Primeramente el P. Combalot la convenció de que su vocación estaba en la enseñanza, a la que habría de entregarse con toda su alma, tratando de inculcar en las jóvenes unos valores auténticamente cristianos, que llevaban la marca de la espiritualidad de S. Francisco de Sales y que había sido asimilada durante el tiempo que permaneció en el convento de la Visitación de La-Cote-Saint-André. A partir de aquí su compromiso con la educación la va a acompañar siempre, porque si de algo estaba convencida esta santa pedagoga era de que la renovación familiar y social solo se podría conseguir a través de la educación en un país como Francia, donde, en este crítico momento, la ignorancia religiosa era grande y los valores cristianos brillaban por su ausencia, pero claro está una empresa restauradora de esta dimensiones no podía ser obra de una persona sola, había que pensar en una Comunidad que hiciera posible este compromiso apostólico y así fue .

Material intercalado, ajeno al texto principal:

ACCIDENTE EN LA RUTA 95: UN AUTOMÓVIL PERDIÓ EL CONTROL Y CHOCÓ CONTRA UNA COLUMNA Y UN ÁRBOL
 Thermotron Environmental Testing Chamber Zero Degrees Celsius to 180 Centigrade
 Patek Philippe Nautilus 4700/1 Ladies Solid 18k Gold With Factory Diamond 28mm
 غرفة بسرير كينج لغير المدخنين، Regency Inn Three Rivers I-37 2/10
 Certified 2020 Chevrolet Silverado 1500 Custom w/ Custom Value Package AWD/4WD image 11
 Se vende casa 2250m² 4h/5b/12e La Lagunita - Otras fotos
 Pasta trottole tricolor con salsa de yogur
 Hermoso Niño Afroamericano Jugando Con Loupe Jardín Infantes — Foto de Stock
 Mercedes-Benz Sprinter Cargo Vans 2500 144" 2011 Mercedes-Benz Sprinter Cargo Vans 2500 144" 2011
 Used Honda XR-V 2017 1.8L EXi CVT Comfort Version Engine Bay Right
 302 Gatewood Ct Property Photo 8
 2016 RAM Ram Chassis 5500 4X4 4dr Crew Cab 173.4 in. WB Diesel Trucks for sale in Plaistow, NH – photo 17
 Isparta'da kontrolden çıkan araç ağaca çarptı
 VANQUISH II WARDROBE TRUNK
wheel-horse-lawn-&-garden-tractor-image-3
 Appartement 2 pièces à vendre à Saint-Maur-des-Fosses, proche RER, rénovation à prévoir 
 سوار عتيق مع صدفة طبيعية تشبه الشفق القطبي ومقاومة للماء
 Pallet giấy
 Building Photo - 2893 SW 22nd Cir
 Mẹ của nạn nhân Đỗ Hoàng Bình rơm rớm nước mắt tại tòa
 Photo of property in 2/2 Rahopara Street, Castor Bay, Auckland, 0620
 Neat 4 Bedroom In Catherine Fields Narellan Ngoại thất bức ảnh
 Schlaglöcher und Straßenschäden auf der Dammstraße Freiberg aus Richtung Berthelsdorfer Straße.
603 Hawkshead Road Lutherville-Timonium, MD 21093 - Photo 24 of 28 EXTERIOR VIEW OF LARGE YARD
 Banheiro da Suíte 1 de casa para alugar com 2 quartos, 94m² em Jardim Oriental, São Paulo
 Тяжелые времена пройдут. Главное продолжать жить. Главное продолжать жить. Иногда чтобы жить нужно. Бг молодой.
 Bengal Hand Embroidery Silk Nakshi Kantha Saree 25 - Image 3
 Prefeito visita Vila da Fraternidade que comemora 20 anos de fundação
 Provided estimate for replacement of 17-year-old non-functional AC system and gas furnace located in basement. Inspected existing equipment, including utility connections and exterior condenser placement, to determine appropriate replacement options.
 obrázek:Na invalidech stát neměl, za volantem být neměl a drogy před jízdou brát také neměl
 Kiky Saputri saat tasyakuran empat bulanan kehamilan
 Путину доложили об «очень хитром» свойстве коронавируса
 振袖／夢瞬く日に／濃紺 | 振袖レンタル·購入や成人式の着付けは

En abril de 1839 comienzan la andadura de un hermoso sueño, dos jóvenes se unen y comparten un pequeño apartamento y desde allí inician la aventura; en octubre ya serian cuatro y el grupo no dejaría de crecer y prepararse en las ciencias sagradas sobre todo en Teología y Sagradas Escrituras. Las piadosas jóvenes se van convirtiendo en capacitadas profesoras y educadoras, en consonancia con las exigencias de los tiempos. Con mucho sacrificio, en 1841 abren la primera escuela a la que seguirían muchas más, con la clara intencionalidad de trasmitir los valores cristianos, sin renunciar a las exigencias de una época dominada por las ansias de saber y de producir. Se trataba de hacer compatibles los valores evangélicos con los valores propios de la época.
Nuevamente en la vida de Eugenia se va a cruzar un hombre providencial. En octubre de 1883 conoce al P. d`Alzón que va a ser piedra clave en la fundación de las Asuncionistas; a él permanecerá unida trabajando codo a codo durante 40 años. Ambos cofundadores se complementaban y se ayudaban mutuamente. A la muerte de quien lo había sido todo para ella, supo hacer frente a la pesada carga hasta ver plenamente cumplidos sus anhelos, con la aprobación definitiva por Roma de las Constituciones de la Asunción el 11 de abril de 1888. La fundación seguía expandiéndose por Francia, Inglaterra, España, Italia, Filipinas, y América Latina, en cambio sus fuerzas iban disminuyendo hasta el momento de no poder soportar la pesada carga. Consciente de su estado de debilidad, efecto de los años y la enfermedad, se vio obligada a dejarlo todo para vivir la intimidad con Dios. “Solo me queda ser buena” decía. El 10 de marzo de 1898 después de haberlo dado todo por una Iglesia reconstruida, moría santamente esta fundadora intrépida.
Reflexión desde el contexto actual.
En Ma. Eugenia de Millaret es preciso reconocer a una persona que se adelantó a su tiempo y supo ver que el cristianismo no está reñido con los humanismos, siendo preciso aprovechar todo lo bueno, venga de donde venga, e integrarlo en la cultura cristiana. Supo ver con claridad meridiana que lo antiguo se puede complementar y enriquecer con nuevas adquisiciones y sobre todo supo llevar a la práctica algo que los cristianos de hoy todavía no hemos conseguido y es impregnar de espíritu evangélico nuestras escuelas y universidades. Amó apasionadamente a su tiempo y participó en la construcción de su historia porque como ella bien decía: “¡Todo viene de Él, todo es pues de Él y debe volver a Él!”.